When you append the equality constraints as
another row to the linear system, they merely
become yet one more "data point" in the linear
least squares problem. As such, the constraint
will NOT be satisfied in the analysis, only subject
to noise, and lack of fit.
That is, if the least squares solver does not really
"want" to satisfy the constraint, it will accept some
error in it. So really the constraint then becomes
x_j - x_k + noise = 0
Not
x_j - x_k == 0
as you probably desire.
The point is, when you formulate a linear least
squares subject to equality constraints, typically
one wishes to find the solution vector X such that
norm(A*X - b)
is minimized, subject to the equality constraint
C*X = d
is exactly satisfied. See that merely adding those
extra rows to the problem will not in general
satisfy the equality constraint system exactly.
The solution is to use a tool that will restrict the
solution to the linear subspace of solutions that
exactly satisfies the equality constraint system.
lsqlin from the optimization toolbox is the tool
of first choice here, if you have that toolbox.

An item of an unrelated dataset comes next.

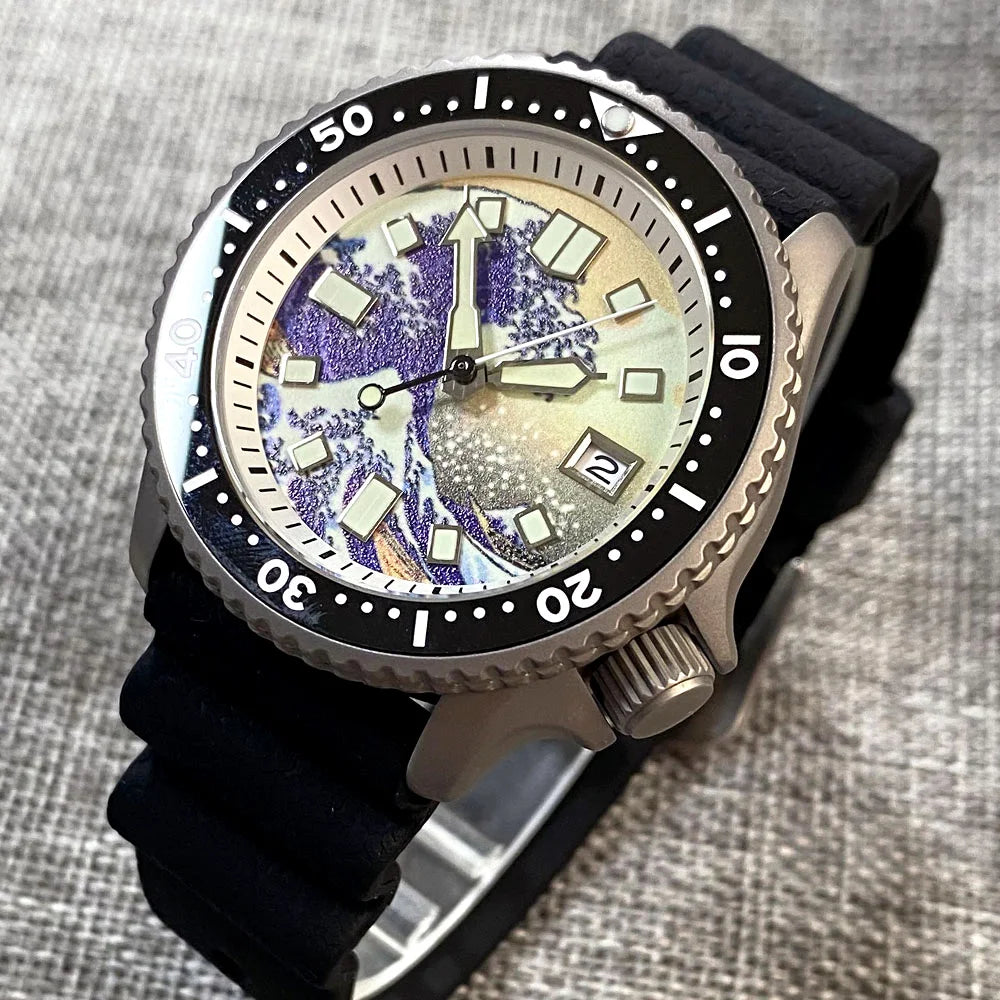 Titanium Diver NH35A Black Automatic 200M Men Watch Sapphire Glass 3.8 o'clock Date Rubber Black Ceramic Bezel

Alternatively, you can use other tools found on
the file exchange. My own lse is written to solve
exactly this problem, a linear least squares, subject
to linear equality constraints.
http://www.mathworks.com/matlabcentral/fileexchange/13835
Use of lse is simple here. Given the matrix system
to be satisfied, A*x = b, I'll assume that you wish
to constrain variables 1 and 4 to be equal, as well
as the pair 2 and 5. Simply form the matrices
C = [1 0 0 -1 0;0 1 0 0 -1];
d = [0;0];
(This assumes a total of 5 variables to solve for.)
Solve it using lse:
x = lse(A,b,C,d);
I also show how to write such a code in my tips
and tricks document, there using a qr factorization
for the elimination (I think that was what I did,
without checking.) LSE offers two methods as
options to the user, which will have subtly different
results on singular systems.
http://www.mathworks.com/matlabcentral/fileexchange/8553
HTH,
John
.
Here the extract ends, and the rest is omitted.